• DATA BELOW:
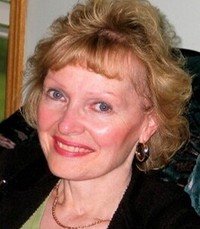 Smiling person with short blonde hair.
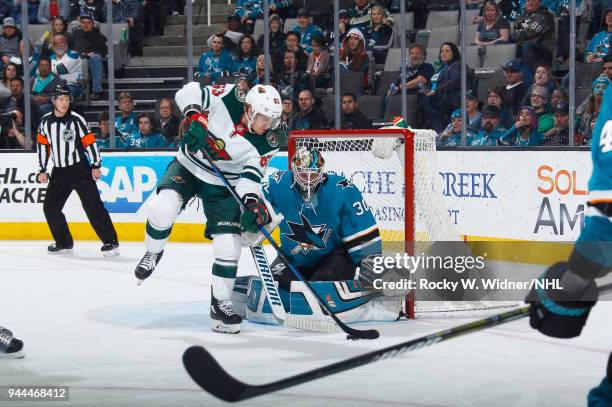 Aaron Dell of the San Jose Sharks defends the net against Tyler Ennis of the Minnesota Wild at SAP Center on April 7, 2018 in San Jose, California....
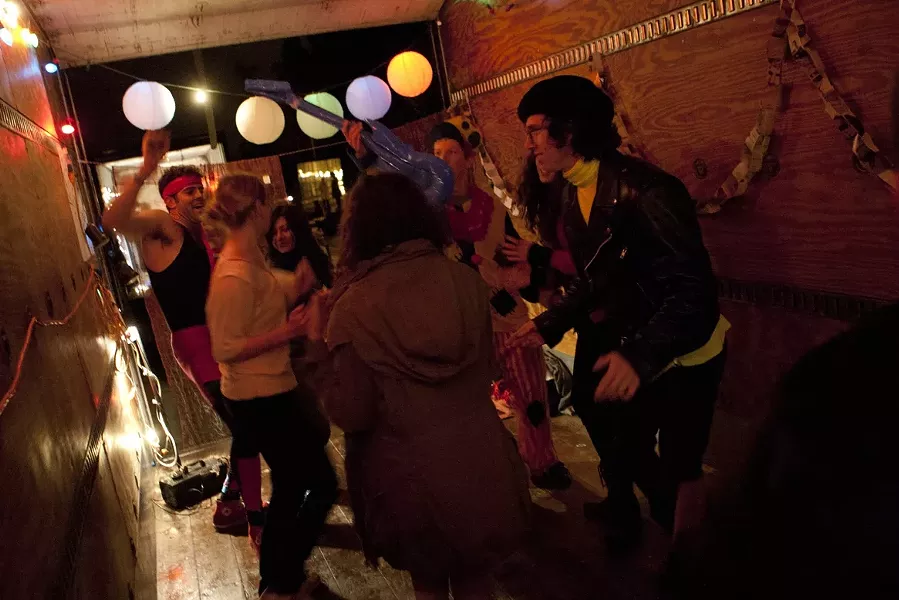 DANCE! : A small but enthusiastic throng of revelers gets its groove on in KCPR’s dance party truck. - PHOTO BY STEVE E. MILLER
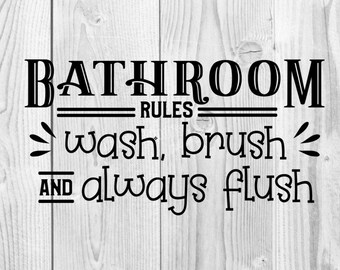 May include: Bathroom rules sign with black text on a white wood background. The sign reads "Bathroom Rules: Wash, brush, and always flush."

• WORK INSTRUCTIONS:
Exclude all pictures and return precisely the lines from the one containing "Aaron Dell of" through the closing line of the data.

• EXPECTED ANSWER:
 Aaron Dell of the San Jose Sharks defends the net against Tyler Ennis of the Minnesota Wild at SAP Center on April 7, 2018 in San Jose, California....
 DANCE! : A small but enthusiastic throng of revelers gets its groove on in KCPR’s dance party truck. - PHOTO BY STEVE E. MILLER
 May include: Bathroom rules sign with black text on a white wood background. The sign reads "Bathroom Rules: Wash, brush, and always flush."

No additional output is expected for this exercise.